Even though I was financially destroyed (Education is damn expensive!) and living back with my mother, my time in Birmingham opened my eyes and profoundly changed my perception of microbes and life on this planet. I became entranced with host-microbe interactions specifically endosymbionts which led me to read Lynn Margules’s beautiful book Microcosmos and also John Maynards Smiths and Eorz Szathmary’s Major transitions in evolution (Still perplexes me today but it’s nice to pretend I understand). This newfound passion for endosymbionts led me into a research project involving the fungal endosymbiont Burkholderia rhizoxinica and its possible involvement in disease progression. After completing my masters I eventually moved to Bristol with endosymbionts constantly on my mind. Whilst working as a barista in a cafe I would spend my free time wandering the forests imagining the microbial diversity around me, listening to your podcasts and applying for PhD’s.

After being invited for a PhD interview to study the transcriptomic response of Wolbachia I immediately searched through your episodes to better prepare myself and found one related, TWiP 34: Up against the Wolbachia. Within the podcast, you discussed Wolbachia in the control of malaria and filariasis and analyzed the paper entitled “Targeting the Wolbachia cell division protein FtsZ as a new approach for anti-filarial therapy”, let’s just say that that podcast might have been one of the biggest turning points in my life so far.
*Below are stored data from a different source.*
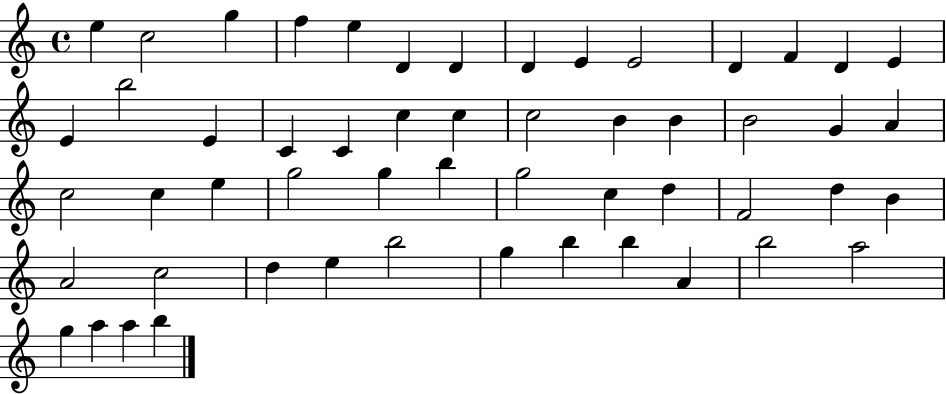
{
  \clef treble
  \time 4/4
  \defaultTimeSignature
  \key c \major
  e''4 c''2 g''4 | f''4 e''4 d'4 d'4 | d'4 e'4 e'2 | d'4 f'4 d'4 e'4 | \break e'4 b''2 e'4 | c'4 c'4 c''4 c''4 | c''2 b'4 b'4 | b'2 g'4 a'4 | \break c''2 c''4 e''4 | g''2 g''4 b''4 | g''2 c''4 d''4 | f'2 d''4 b'4 | \break a'2 c''2 | d''4 e''4 b''2 | g''4 b''4 b''4 a'4 | b''2 a''2 | \break g''4 a''4 a''4 b''4 | \bar "|."
}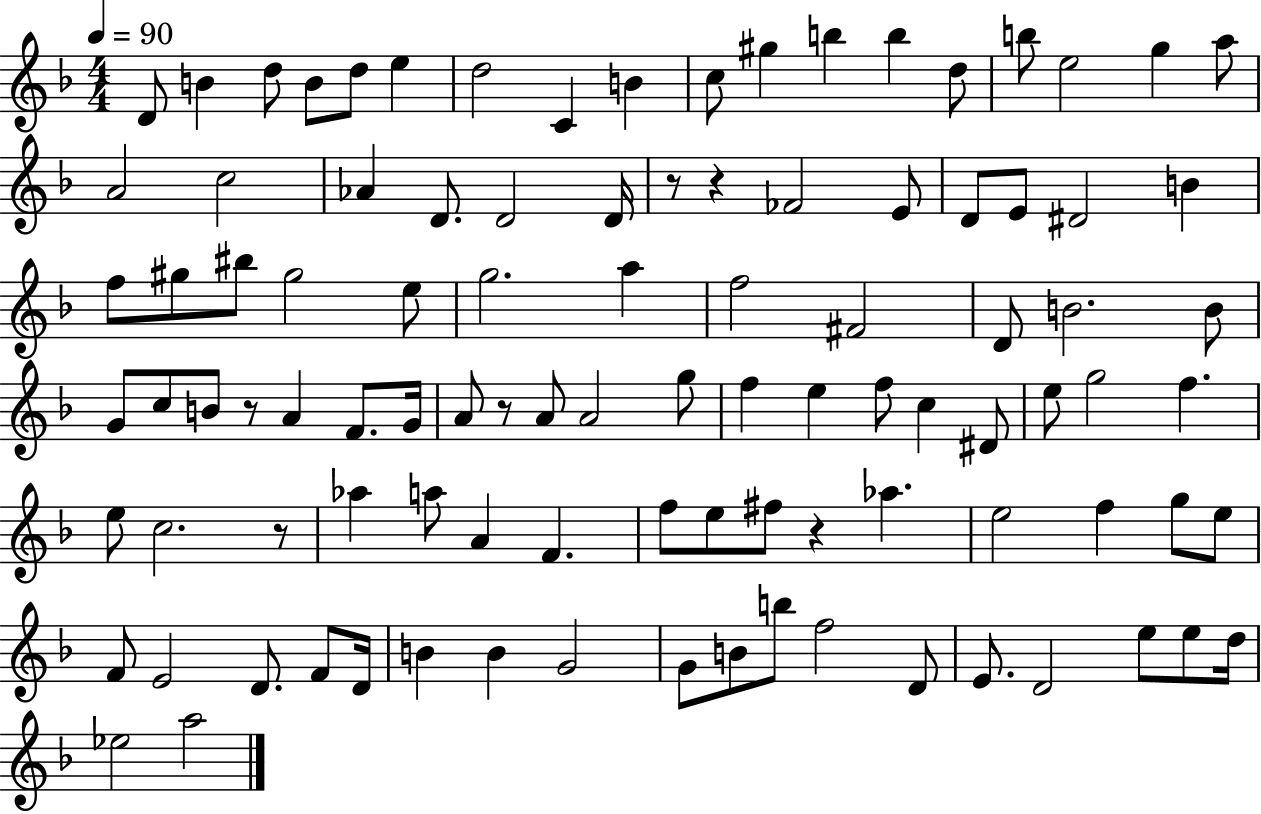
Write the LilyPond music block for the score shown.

{
  \clef treble
  \numericTimeSignature
  \time 4/4
  \key f \major
  \tempo 4 = 90
  \repeat volta 2 { d'8 b'4 d''8 b'8 d''8 e''4 | d''2 c'4 b'4 | c''8 gis''4 b''4 b''4 d''8 | b''8 e''2 g''4 a''8 | \break a'2 c''2 | aes'4 d'8. d'2 d'16 | r8 r4 fes'2 e'8 | d'8 e'8 dis'2 b'4 | \break f''8 gis''8 bis''8 gis''2 e''8 | g''2. a''4 | f''2 fis'2 | d'8 b'2. b'8 | \break g'8 c''8 b'8 r8 a'4 f'8. g'16 | a'8 r8 a'8 a'2 g''8 | f''4 e''4 f''8 c''4 dis'8 | e''8 g''2 f''4. | \break e''8 c''2. r8 | aes''4 a''8 a'4 f'4. | f''8 e''8 fis''8 r4 aes''4. | e''2 f''4 g''8 e''8 | \break f'8 e'2 d'8. f'8 d'16 | b'4 b'4 g'2 | g'8 b'8 b''8 f''2 d'8 | e'8. d'2 e''8 e''8 d''16 | \break ees''2 a''2 | } \bar "|."
}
I’m now 4 months into my PhD and will be flying over the Atlantic to spend the remainder of my studies at New England Biolabs under the supervision of Dr Zhiru Li and Dr Clotilde K. Carlow, the very same authors whose paper you discussed!

I am incredibly excited for the future and very lucky to be pursuing a meaningful career with a subject I find so incredibly fascinating, for this, I have to thank Bill Bryson, all of you at TWiM and my grandfather who has since passed away. Just goes to show, bad grades aren’t a dead end if you find what ignites your curiosity.

Your most thankful subscriber

Anthony writes:

Here

http://traffic.libsyn.com/twimshow/TWiM163.mp3

at around 29:29, does Dr. Schmidt say “… run it through a fax machine …”?

I like to believe that my brain’s not gone dull.  Hopefully that is so, but in any case I’m well aware that neither my eyes nor ears function as well as they once did.  If indeed  Dr. Schmidt did say what he should have said, what should I be hearing?

[vr: I wrote to Anthony that the word is FACS, fluorescence activated cell sorting, and he responded:]

Thank you!  I replayed that segment maybe six times trying to figure it out.